- **Problem to solve**
Write out the records below exactly as they appear, skipping each picture.

- **Crawled caption data**
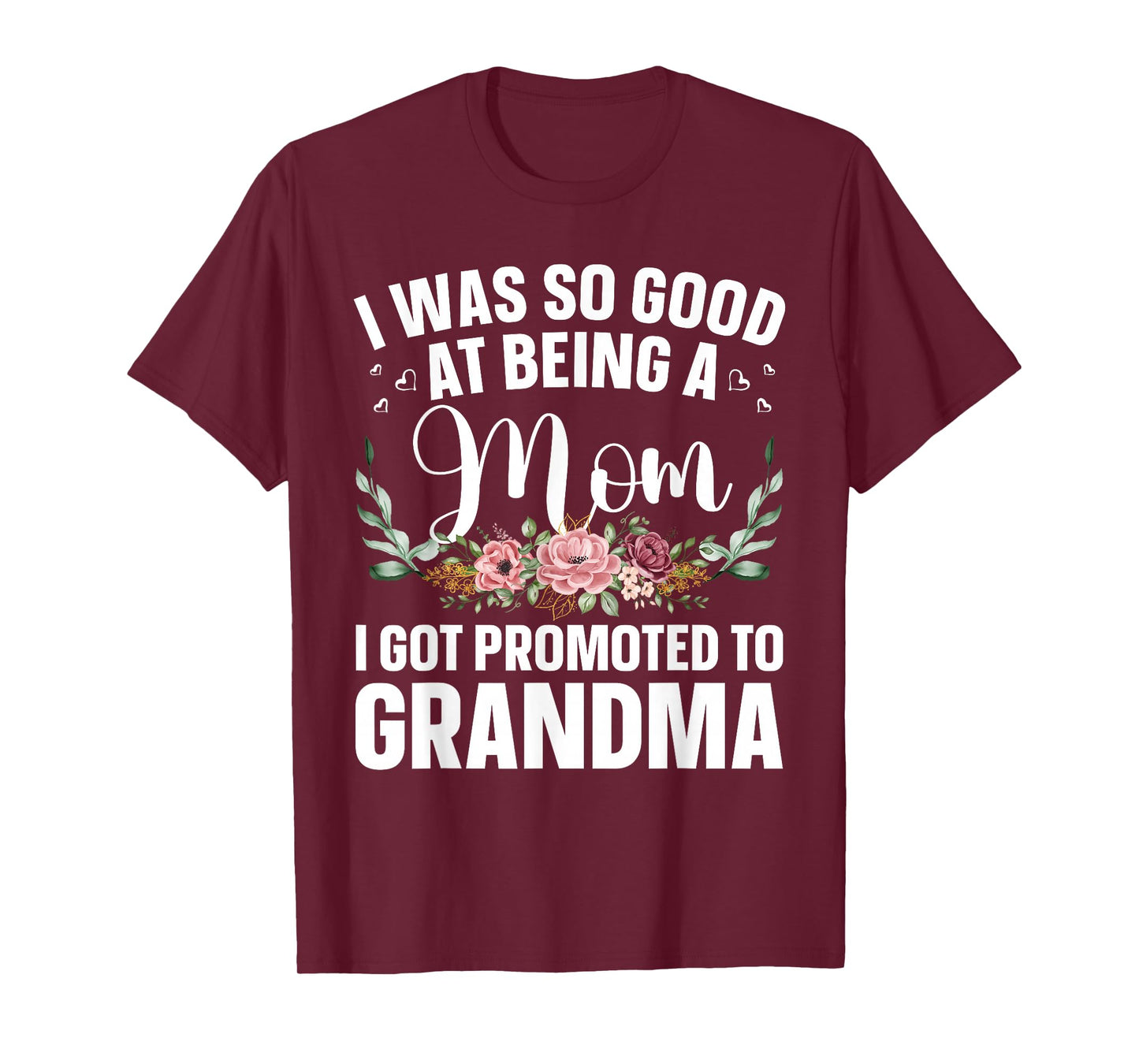 Grandma Art For Mom Women Grandmother Promoted To Grandma T-Shirt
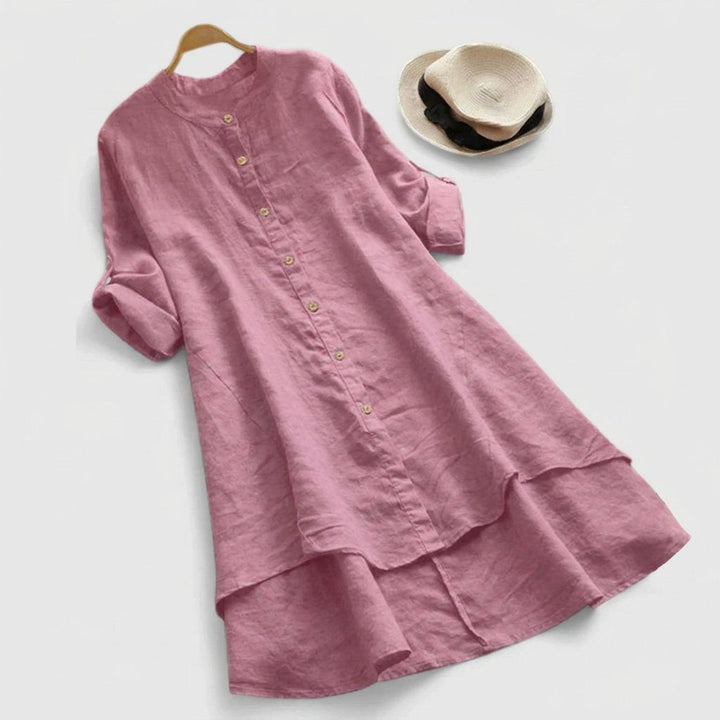Sophia — Robe Chemise Lin Boutonnee Ourlet En Couches Bleu Clair Violet Vert Kaki Rose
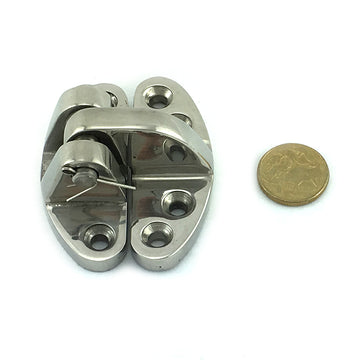 Stainless steel deck hinge in type 316 marine grade stainless steel. Melbourne Australia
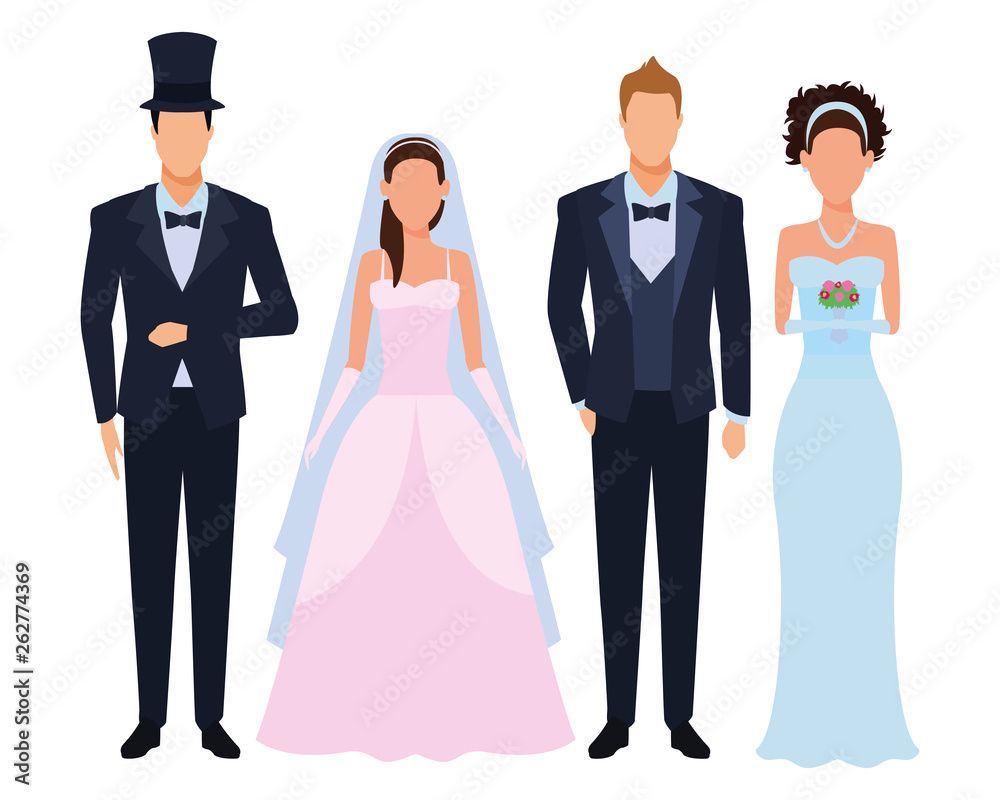 people dressed for wedding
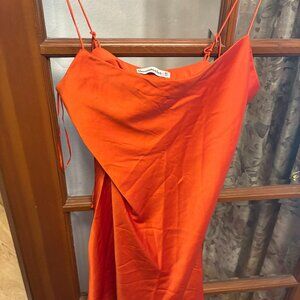 Medium Tall Silky Orange Abercrombie & Fitch Dress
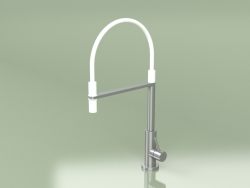 Kitchen sink mixer with swivel spout, white flexible hose, magnet connection (604, AS)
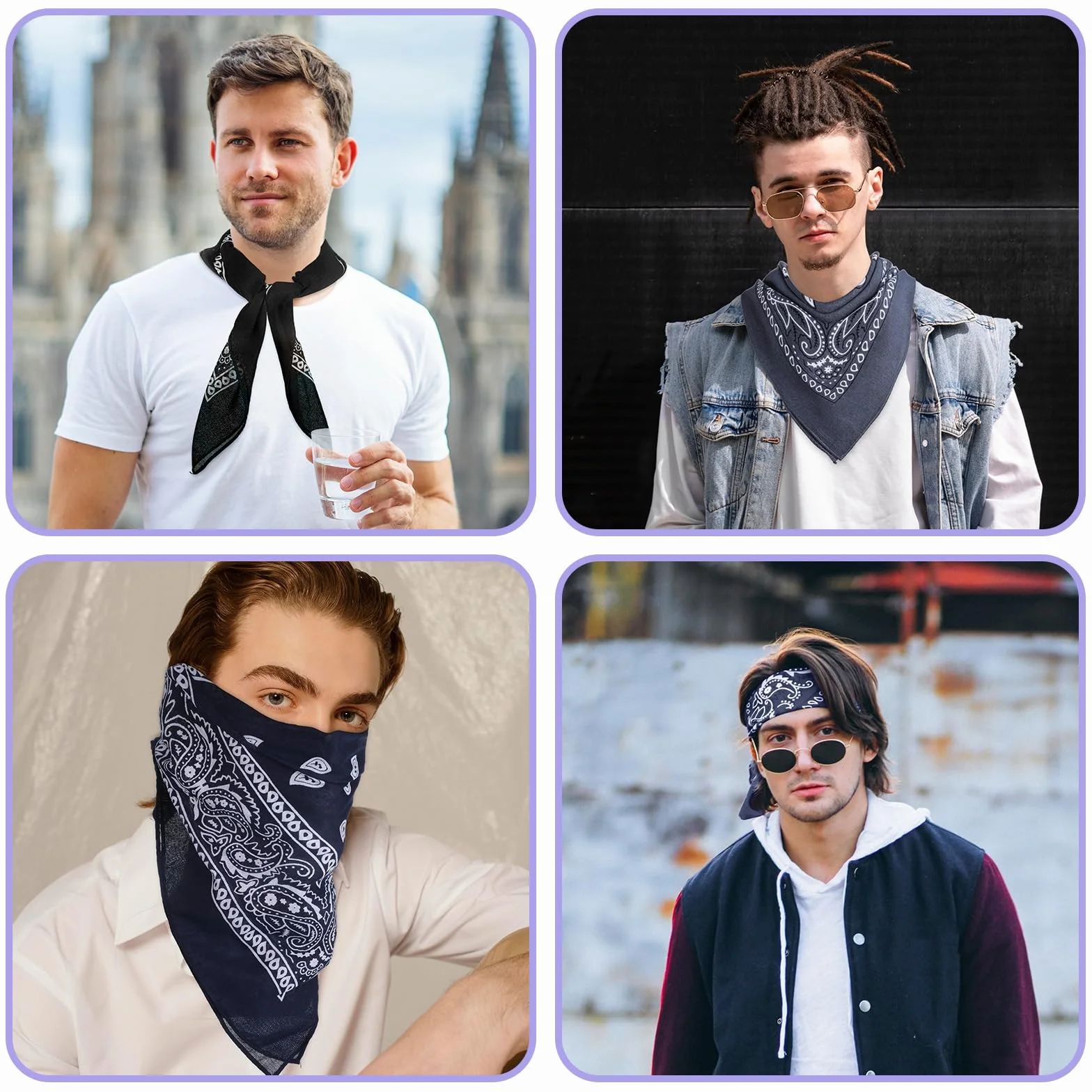 CIATBYYJ 4 sztuki bandana chusta na głowę dla kobiet i mężczyzn, wielofunkcyjna bandana chusta na głowę, chusty damskie na lato, 100% bawełna chustka na szyję do noszenia na głowie, szyi, ręce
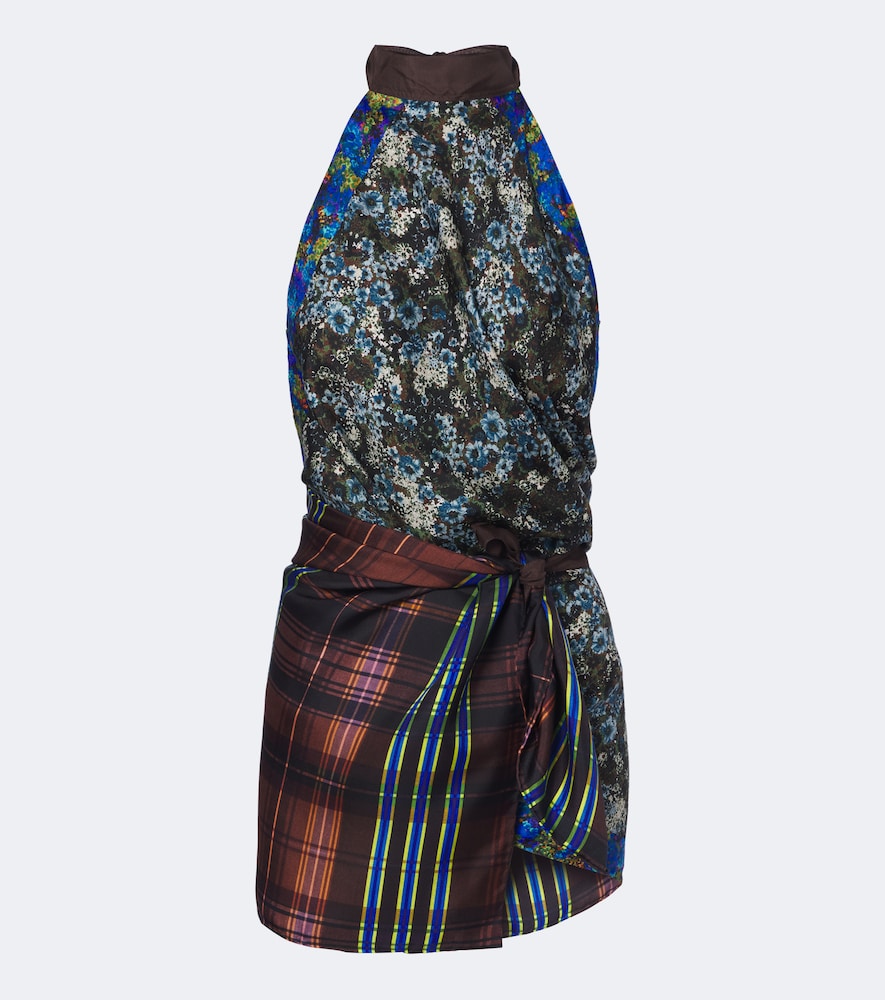 Dries Van Noten Printed Halterneck Silk Twill Minidress In Multicolor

- **Response area**
 Grandma Art For Mom Women Grandmother Promoted To Grandma T-Shirt
Sophia — Robe Chemise Lin Boutonnee Ourlet En Couches Bleu Clair Violet Vert Kaki Rose
 Stainless steel deck hinge in type 316 marine grade stainless steel. Melbourne Australia
 people dressed for wedding
 Medium Tall Silky Orange Abercrombie & Fitch Dress
 Kitchen sink mixer with swivel spout, white flexible hose, magnet connection (604, AS)
 CIATBYYJ 4 sztuki bandana chusta na głowę dla kobiet i mężczyzn, wielofunkcyjna bandana chusta na głowę, chusty damskie na lato, 100% bawełna chustka na szyję do noszenia na głowie, szyi, ręce
 Dries Van Noten Printed Halterneck Silk Twill Minidress In Multicolor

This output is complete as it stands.